ENISA and CERT-EU warn of Chinese threat actors targeting businesses and government organizations in the European Union.

The European Union Agency for Cybersecurity (ENISA) and CERT-EU are warning of multiple Chinese advanced persistent threat (APT) actors targeting businesses and government organizations in the EU.

The observed malicious activity, the agencies say in a joint advisory (PDF), can be attributed to several known Chinese hacking groups, including APT27, APT30, APT31, Ke3chang, Gallium, and Mustang Panda.

“These threat actors present important and ongoing threats to the European Union.
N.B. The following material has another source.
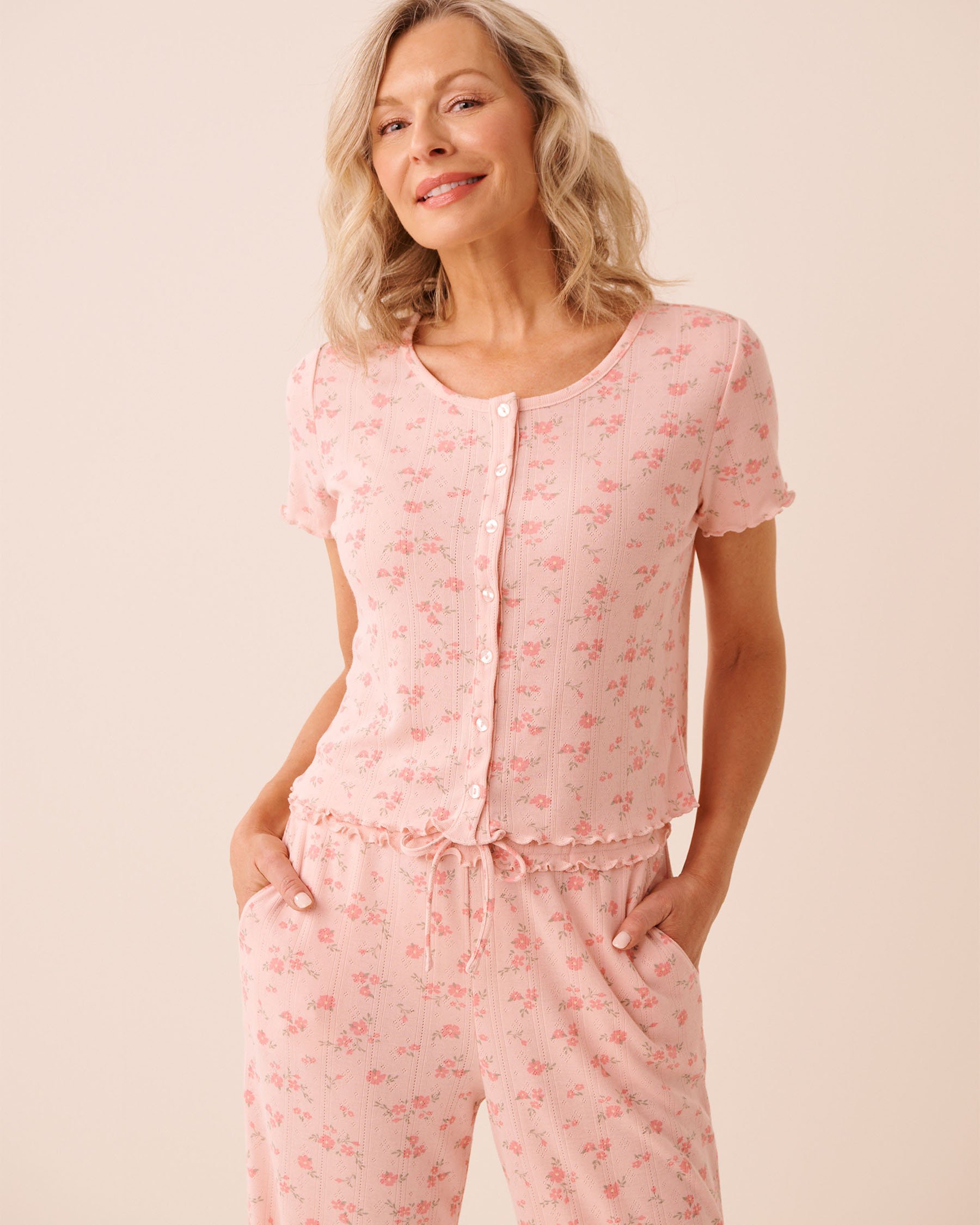 LA VIE EN ROSE Floral Print Ruffle Hem Pointelle T-shirt Pink Flowers 40100856 - View1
Recent operations pursued by these actors focused mainly on information theft, primarily via establishing persistent footholds within the network infrastructure of organizations of strategic relevance,” the advisory reads.

The ongoing activity, the agencies say, should prompt organizations in the EU to improve their security posture and enhance their ability to detect cyberattacks, as well as their resilience to such attacks.

Cyberattack detection, the agencies say, involves log collection and review, monitoring of device activity and the use of curated threat intelligence and intrusion detection signatures, along with regular threat hunting.

Organizations should also implement strategies to detect and prevent PowerShell-based attacks and lateral movement that abuses NTLM and Kerberos protocols, and should educate users to immediately report any suspicious activity.

To reduce the risks of compromise, organizations are advised to follow security best practices to harden products and protect high-privileged accounts and key assets, and to follow best practices for identity and access management.

Organizations are advised to maintain updated inventories of all assets, both physical and virtual, to block or reduce egress internet access for systems that are rarely rebooted, to implement a backup strategy, and to implement access controls for all end users and external third-party contractors.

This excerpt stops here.